Ownership of the entire white sand country, 1180 square kilometres in and around Shelburne Bay, was formally transferred to the Wuthathi people as Aboriginal freehold land.

About 40,000 hectares — about one-third of the land — will become a national park, to be jointly managed by the state and traditional owners. The Wuthathi hope jobs and economic benefits will flow to them through tourism and conservation management.

Shelburne Bay is dominated by brilliant white silica sand dune fields, some up to 100 metres high, that drop down to the Coral Sea. Scattered throughout the dunes are beautiful freshwater lakes.

There are also 39,000 hectares of internationally-recognised “Ramsar” wetlands, which attract massive numbers of migratory wading birds every winter. The land is home to more than 30 rare and threatened species, including the southern cassowary and the palm cockatoo.

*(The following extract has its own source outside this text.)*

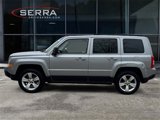 Used 2015 Jeep Patriot Latitude image 2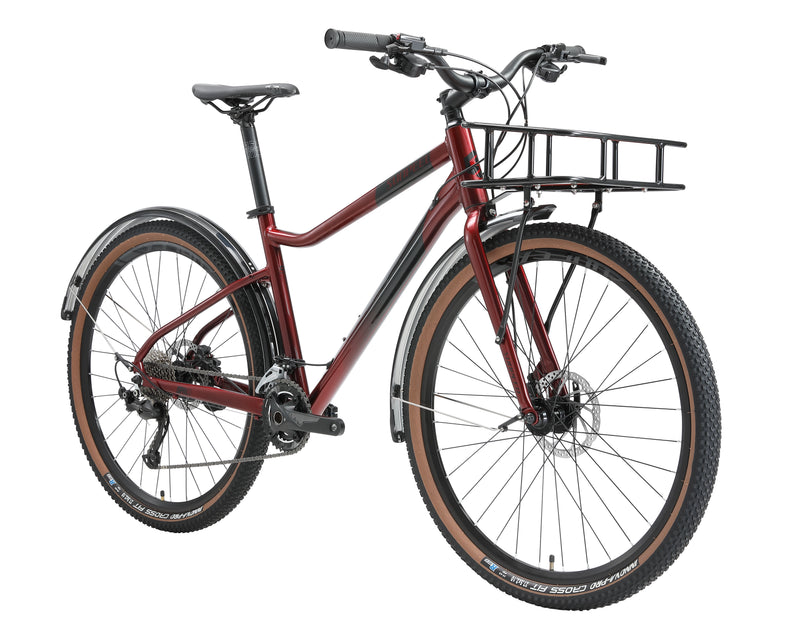 Load image into Gallery viewer, Sunpeed Space Urban Gravel Bike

Shelburne Bay has been the traditional homeland of the Wuthathi people for millennia, and the white sand country has been, and continues to be, a central feature of Wuthathi stories and cultural identity.

Traditional owner Phil Wallis said: "Today's a very historical day for us. It's the start of redeveloping our country, and looking after country and managing country and looking at other ventures.

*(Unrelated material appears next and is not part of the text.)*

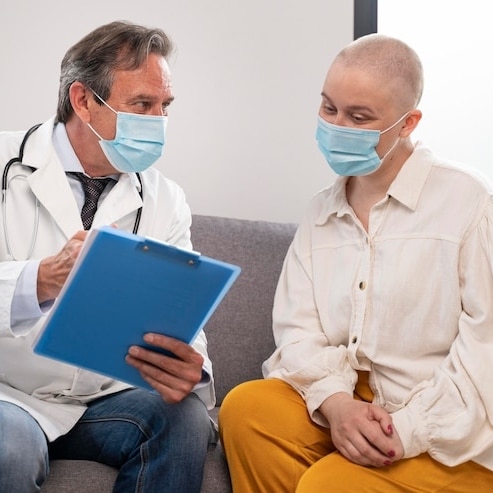 benefícios do INSS para pacientes com câncer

"Because this country is very unspoilt, very untouched, there's a lot of sacred sites out there, a lot of story places the younger generation need to learn and carry on those practices, whether it be gathering food, medicine, teaching those kids about the story places and why they are important to us."

Chairperson of the Wuthathi Aboriginal Corporation Johnson Chippendale said the circle was now “fully complete” after his ancestors were removed from their country four generations ago.

“Our people were some of the best conservationists in the world,” he said. “We have eight seasons in one year. Our people had the knowledge to hunt and gather from different areas, and they knew exactly what time and what place we should be going to collect.”

Queensland Treasurer Curtis Pitt said a “breathtaking landscape” had been “returned to its rightful owners”.

“This is a defining moment in Queensland’s history, culture and conservation — there are few other places like this in Australia,” he said.

Australian Conservation Foundation northern Australia project officer Andrew Picone said the new Wuthathi national park at Shelburne Bay made up the last undisturbed landscape of its type in Australia and was “of international significance”.

He said ACF, which first proposed a national park at Shelburne Bay in 1976, “congratulates the Wuthathi people on this historic day that sees the return of their homelands and thanks them for the creation of Australia’s newest national park”.

In the 1960s much of the Shelburne Bay region was turned into cattle properties as the Queensland Government tried to open up north-eastern Cape York as a beef producing region.

In the mid-1980s Joh Bjelke-Petersen’s government issued sand mining leases for the dune fields of Shelburne Bay. But in 1987 the Bob Hawke federal government used its foreign investment powers to reject the proposal, following a national campaign led by the Wuthathi people and an alliance of conservation groups.

Hawke said silica sand mining in the area would be "contrary to the national interest" because of its impact on the environment and "adverse effect on the Aboriginal community".

With three national parks created by the Wuthathi, there are now a total of 26 Aboriginal-owned and jointly-managed national parks covering more than 2 million hectares in Cape York.